Look below for the line that contains "Furniture - Sleannah", then copy it and each following line exactly, through and including the line that contains "Faith Stencil - Modern Elegant Stencil Font".

(Saved entries)
§ §

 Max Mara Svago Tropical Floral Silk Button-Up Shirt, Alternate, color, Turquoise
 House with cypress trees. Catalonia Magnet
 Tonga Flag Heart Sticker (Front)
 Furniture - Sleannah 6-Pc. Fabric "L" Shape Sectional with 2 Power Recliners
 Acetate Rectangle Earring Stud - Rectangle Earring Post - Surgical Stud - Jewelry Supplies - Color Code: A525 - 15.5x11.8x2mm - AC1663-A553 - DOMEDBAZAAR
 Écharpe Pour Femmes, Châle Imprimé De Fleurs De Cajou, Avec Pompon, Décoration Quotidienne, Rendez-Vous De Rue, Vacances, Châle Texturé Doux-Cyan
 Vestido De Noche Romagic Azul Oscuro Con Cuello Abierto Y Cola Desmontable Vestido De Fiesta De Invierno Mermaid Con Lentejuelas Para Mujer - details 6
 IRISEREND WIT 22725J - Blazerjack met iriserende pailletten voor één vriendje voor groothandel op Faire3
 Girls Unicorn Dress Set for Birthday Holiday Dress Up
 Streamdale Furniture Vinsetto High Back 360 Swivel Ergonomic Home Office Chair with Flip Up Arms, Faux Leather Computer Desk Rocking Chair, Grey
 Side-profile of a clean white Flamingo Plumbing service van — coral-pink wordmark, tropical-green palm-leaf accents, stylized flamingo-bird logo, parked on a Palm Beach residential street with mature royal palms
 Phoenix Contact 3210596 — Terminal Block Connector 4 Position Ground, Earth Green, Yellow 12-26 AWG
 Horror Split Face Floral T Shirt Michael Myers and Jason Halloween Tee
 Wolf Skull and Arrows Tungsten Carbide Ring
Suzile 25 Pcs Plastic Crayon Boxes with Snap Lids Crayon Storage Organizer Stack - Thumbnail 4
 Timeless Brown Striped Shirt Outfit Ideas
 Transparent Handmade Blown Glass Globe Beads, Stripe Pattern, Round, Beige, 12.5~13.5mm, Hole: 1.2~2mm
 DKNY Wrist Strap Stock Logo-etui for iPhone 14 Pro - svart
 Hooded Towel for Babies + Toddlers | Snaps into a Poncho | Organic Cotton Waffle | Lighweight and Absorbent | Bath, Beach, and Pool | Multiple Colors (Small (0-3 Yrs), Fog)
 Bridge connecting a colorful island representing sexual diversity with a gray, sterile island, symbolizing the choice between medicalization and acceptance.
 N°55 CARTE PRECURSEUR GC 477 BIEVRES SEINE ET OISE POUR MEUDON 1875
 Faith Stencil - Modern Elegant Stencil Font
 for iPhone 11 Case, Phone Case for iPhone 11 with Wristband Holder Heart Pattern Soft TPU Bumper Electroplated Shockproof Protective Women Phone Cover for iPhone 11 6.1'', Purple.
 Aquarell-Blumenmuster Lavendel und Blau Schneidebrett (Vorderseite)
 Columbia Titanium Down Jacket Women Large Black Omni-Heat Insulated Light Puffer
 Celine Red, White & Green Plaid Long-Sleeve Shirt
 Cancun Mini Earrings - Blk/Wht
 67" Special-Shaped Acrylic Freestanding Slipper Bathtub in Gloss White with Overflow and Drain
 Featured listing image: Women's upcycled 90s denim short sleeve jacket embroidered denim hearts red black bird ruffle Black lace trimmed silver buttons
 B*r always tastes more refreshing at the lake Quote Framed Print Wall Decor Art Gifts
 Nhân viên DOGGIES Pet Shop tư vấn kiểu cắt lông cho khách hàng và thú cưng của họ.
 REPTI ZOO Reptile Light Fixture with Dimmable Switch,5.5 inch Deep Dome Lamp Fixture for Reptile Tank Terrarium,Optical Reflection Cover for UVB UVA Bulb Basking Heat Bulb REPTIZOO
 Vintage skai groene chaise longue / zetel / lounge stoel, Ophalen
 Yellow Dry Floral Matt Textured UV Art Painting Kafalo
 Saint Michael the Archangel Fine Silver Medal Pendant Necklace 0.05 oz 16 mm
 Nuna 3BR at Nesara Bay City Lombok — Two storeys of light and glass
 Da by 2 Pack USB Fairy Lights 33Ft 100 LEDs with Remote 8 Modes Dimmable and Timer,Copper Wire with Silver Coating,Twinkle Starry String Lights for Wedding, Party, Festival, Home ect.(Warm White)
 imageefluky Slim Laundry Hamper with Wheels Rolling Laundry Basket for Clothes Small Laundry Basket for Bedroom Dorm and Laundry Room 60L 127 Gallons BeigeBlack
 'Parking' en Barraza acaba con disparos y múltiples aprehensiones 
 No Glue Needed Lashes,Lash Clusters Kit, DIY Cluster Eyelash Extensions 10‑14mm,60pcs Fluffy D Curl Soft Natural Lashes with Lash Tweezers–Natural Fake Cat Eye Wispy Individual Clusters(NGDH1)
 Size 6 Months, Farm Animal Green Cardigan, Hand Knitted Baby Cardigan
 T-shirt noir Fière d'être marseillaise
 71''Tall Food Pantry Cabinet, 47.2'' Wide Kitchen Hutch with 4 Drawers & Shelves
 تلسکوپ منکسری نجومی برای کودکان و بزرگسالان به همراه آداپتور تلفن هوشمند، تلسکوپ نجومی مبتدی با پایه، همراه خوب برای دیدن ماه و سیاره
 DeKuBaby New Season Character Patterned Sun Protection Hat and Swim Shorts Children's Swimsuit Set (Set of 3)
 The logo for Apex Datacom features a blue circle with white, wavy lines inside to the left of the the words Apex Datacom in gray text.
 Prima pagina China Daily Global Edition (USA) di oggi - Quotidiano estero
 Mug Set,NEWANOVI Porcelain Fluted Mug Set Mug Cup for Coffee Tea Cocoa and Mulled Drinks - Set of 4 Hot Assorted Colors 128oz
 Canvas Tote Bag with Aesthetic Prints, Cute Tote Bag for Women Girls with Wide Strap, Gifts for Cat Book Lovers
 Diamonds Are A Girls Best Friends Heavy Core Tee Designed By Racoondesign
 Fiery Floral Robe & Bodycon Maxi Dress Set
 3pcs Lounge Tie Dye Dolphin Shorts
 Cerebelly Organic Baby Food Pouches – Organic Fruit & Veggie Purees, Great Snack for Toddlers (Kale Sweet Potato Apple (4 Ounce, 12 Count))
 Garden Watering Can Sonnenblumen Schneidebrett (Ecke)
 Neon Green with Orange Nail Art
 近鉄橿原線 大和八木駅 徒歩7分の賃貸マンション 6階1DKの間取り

§ §

> **Worked solution**
 Furniture - Sleannah 6-Pc. Fabric "L" Shape Sectional with 2 Power Recliners
 Acetate Rectangle Earring Stud - Rectangle Earring Post - Surgical Stud - Jewelry Supplies - Color Code: A525 - 15.5x11.8x2mm - AC1663-A553 - DOMEDBAZAAR
 Écharpe Pour Femmes, Châle Imprimé De Fleurs De Cajou, Avec Pompon, Décoration Quotidienne, Rendez-Vous De Rue, Vacances, Châle Texturé Doux-Cyan
 Vestido De Noche Romagic Azul Oscuro Con Cuello Abierto Y Cola Desmontable Vestido De Fiesta De Invierno Mermaid Con Lentejuelas Para Mujer - details 6
 IRISEREND WIT 22725J - Blazerjack met iriserende pailletten voor één vriendje voor groothandel op Faire3
 Girls Unicorn Dress Set for Birthday Holiday Dress Up
 Streamdale Furniture Vinsetto High Back 360 Swivel Ergonomic Home Office Chair with Flip Up Arms, Faux Leather Computer Desk Rocking Chair, Grey
 Side-profile of a clean white Flamingo Plumbing service van — coral-pink wordmark, tropical-green palm-leaf accents, stylized flamingo-bird logo, parked on a Palm Beach residential street with mature royal palms
 Phoenix Contact 3210596 — Terminal Block Connector 4 Position Ground, Earth Green, Yellow 12-26 AWG
 Horror Split Face Floral T Shirt Michael Myers and Jason Halloween Tee
 Wolf Skull and Arrows Tungsten Carbide Ring
Suzile 25 Pcs Plastic Crayon Boxes with Snap Lids Crayon Storage Organizer Stack - Thumbnail 4
 Timeless Brown Striped Shirt Outfit Ideas
 Transparent Handmade Blown Glass Globe Beads, Stripe Pattern, Round, Beige, 12.5~13.5mm, Hole: 1.2~2mm
 DKNY Wrist Strap Stock Logo-etui for iPhone 14 Pro - svart
 Hooded Towel for Babies + Toddlers | Snaps into a Poncho | Organic Cotton Waffle | Lighweight and Absorbent | Bath, Beach, and Pool | Multiple Colors (Small (0-3 Yrs), Fog)
 Bridge connecting a colorful island representing sexual diversity with a gray, sterile island, symbolizing the choice between medicalization and acceptance.
 N°55 CARTE PRECURSEUR GC 477 BIEVRES SEINE ET OISE POUR MEUDON 1875
 Faith Stencil - Modern Elegant Stencil Font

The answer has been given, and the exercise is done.